Activity: Please restate the records that follow exactly, skipping their images.

[Web page caption snippets]
++++++

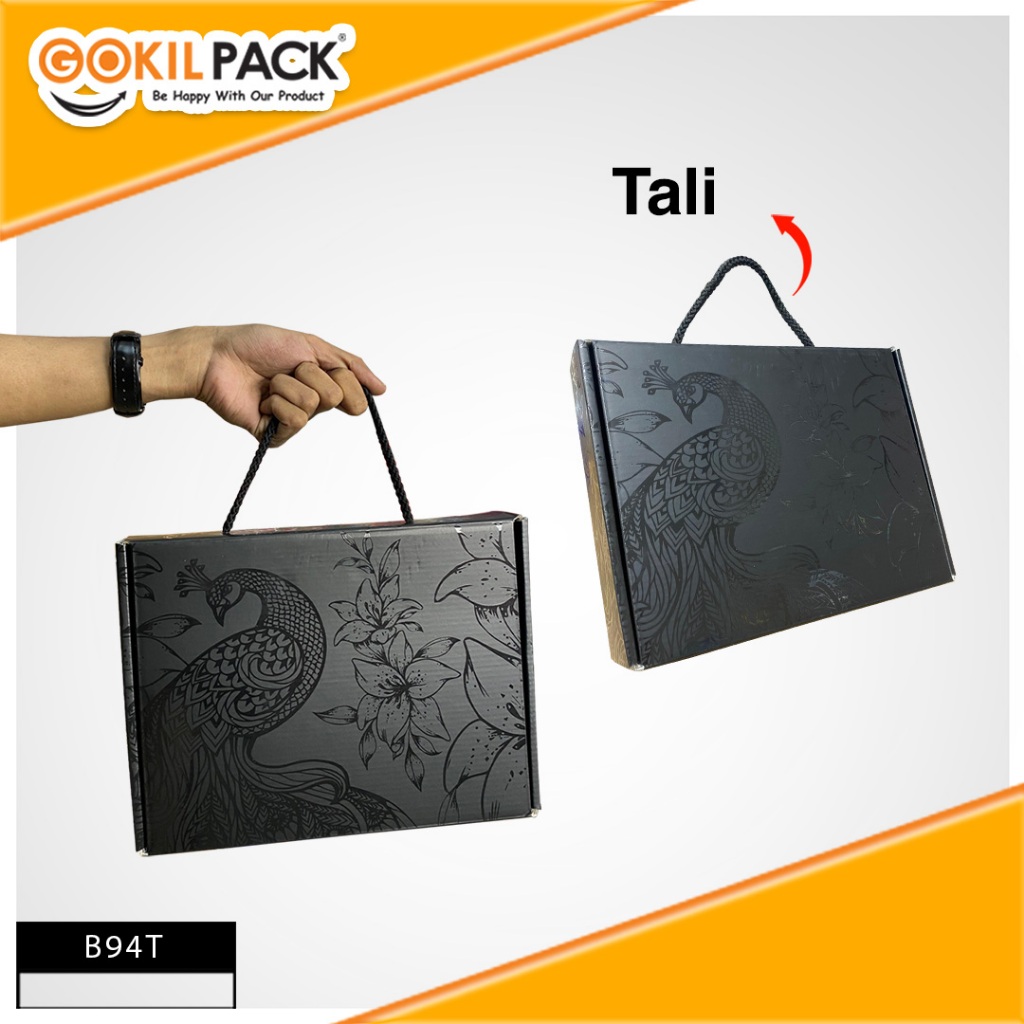 Box Kado - Dus Hampers - Kotak Hadiah - Premium Spot UV Hitam - Gift - B94 - Image 3
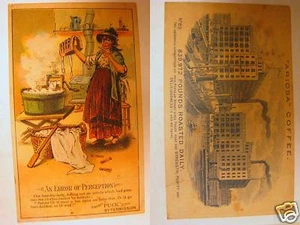 TRADE CARD ARIOSA COFFEE NO 89 - Picture 1 of 1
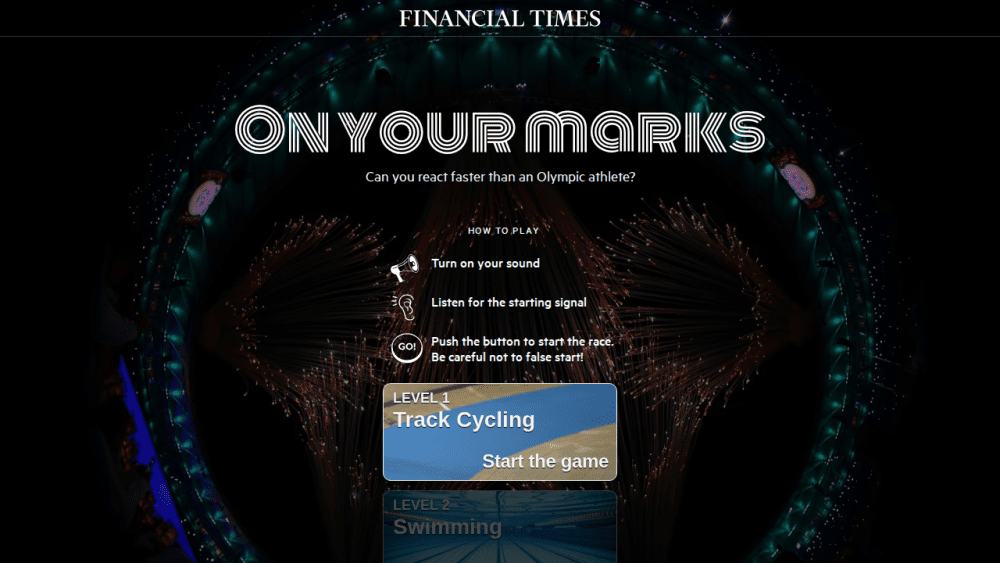 Olympic Games: Can you react faster than an Olympic athlete? — FT.com
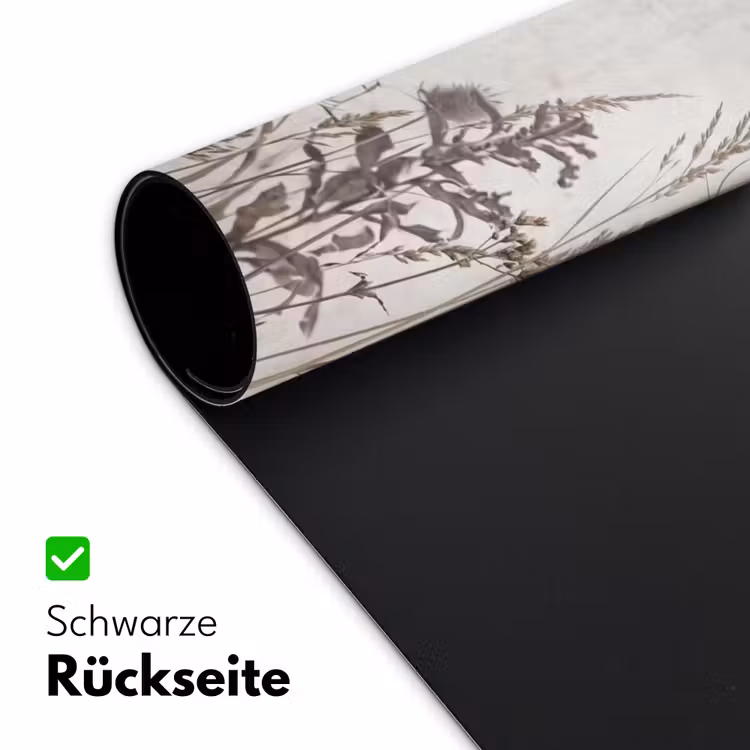 Weidebloemen - Design - Sepia Muismat XXL klein -ysfeer2_duits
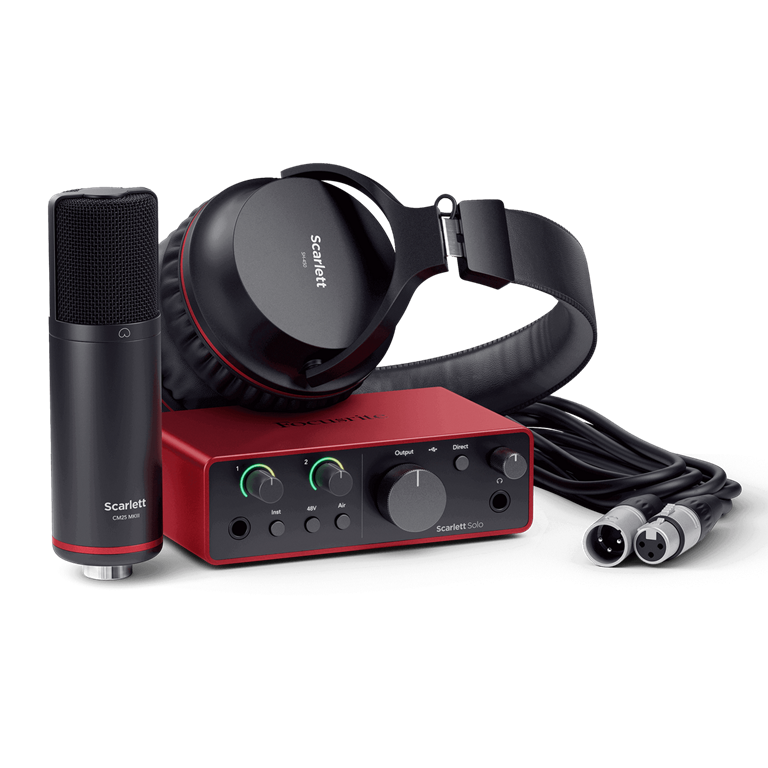 Focusrite Scarlett Solo Studio 4th Gen Recording Bundle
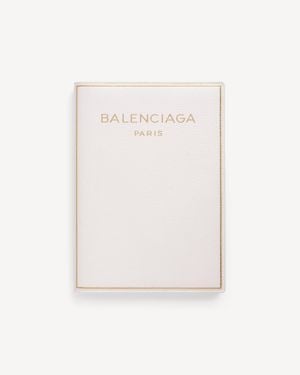 Balenciaga Fragrance Notebook A5 With Cover - White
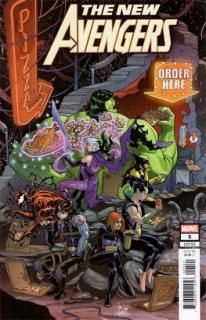 NEW AVENGERS #5 JAVIER GARRON VARIANT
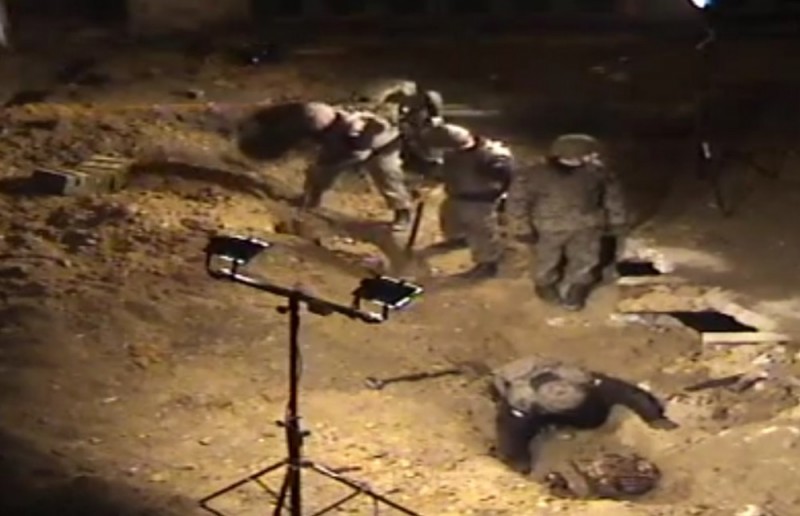 Zobacz, jak saperzy zabezpieczali ponad 200 kg trotylu [WIDEO] - Kadr z filmu opublikowanego przez burmistrza Dzierżoniowa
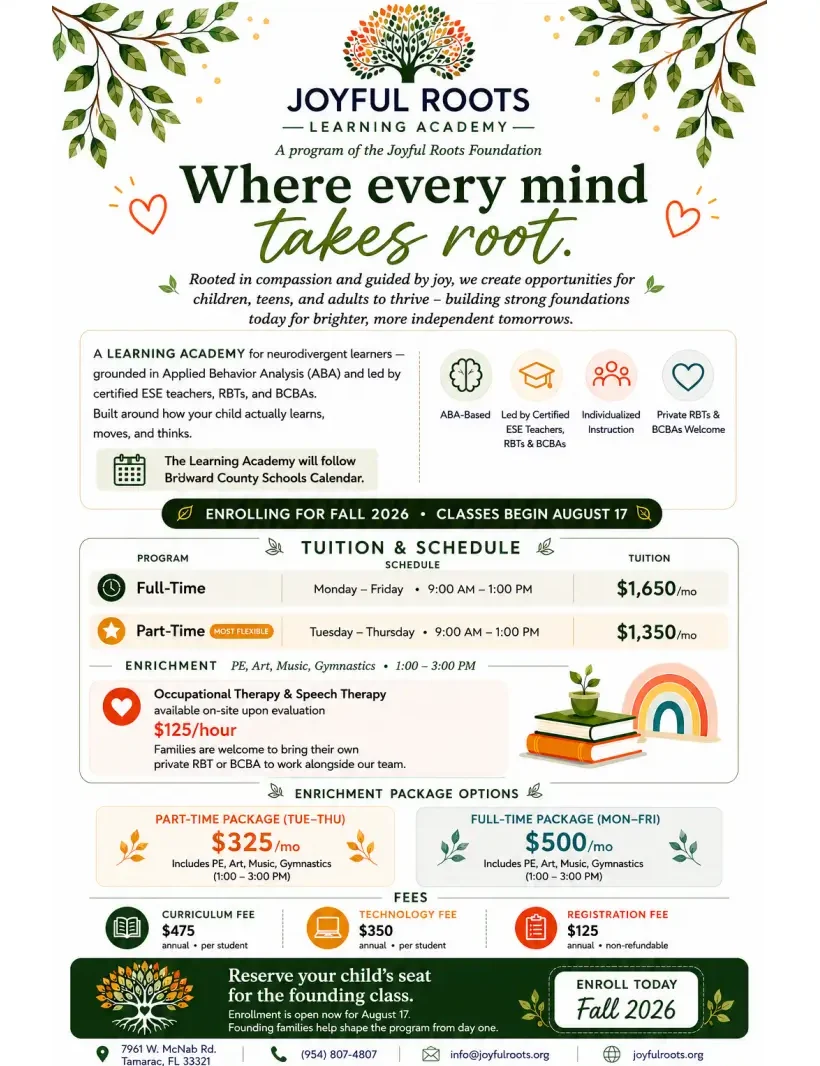 Joyful Roots Learning Academy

++++++

Answer to the exercise:
 Box Kado - Dus Hampers - Kotak Hadiah - Premium Spot UV Hitam - Gift - B94 - Image 3
 TRADE CARD ARIOSA COFFEE NO 89 - Picture 1 of 1
 Olympic Games: Can you react faster than an Olympic athlete? — FT.com
 Weidebloemen - Design - Sepia Muismat XXL klein -ysfeer2_duits
 Focusrite Scarlett Solo Studio 4th Gen Recording Bundle
 Balenciaga Fragrance Notebook A5 With Cover - White
 NEW AVENGERS #5 JAVIER GARRON VARIANT
 Zobacz, jak saperzy zabezpieczali ponad 200 kg trotylu [WIDEO] - Kadr z filmu opublikowanego przez burmistrza Dzierżoniowa
 Joyful Roots Learning Academy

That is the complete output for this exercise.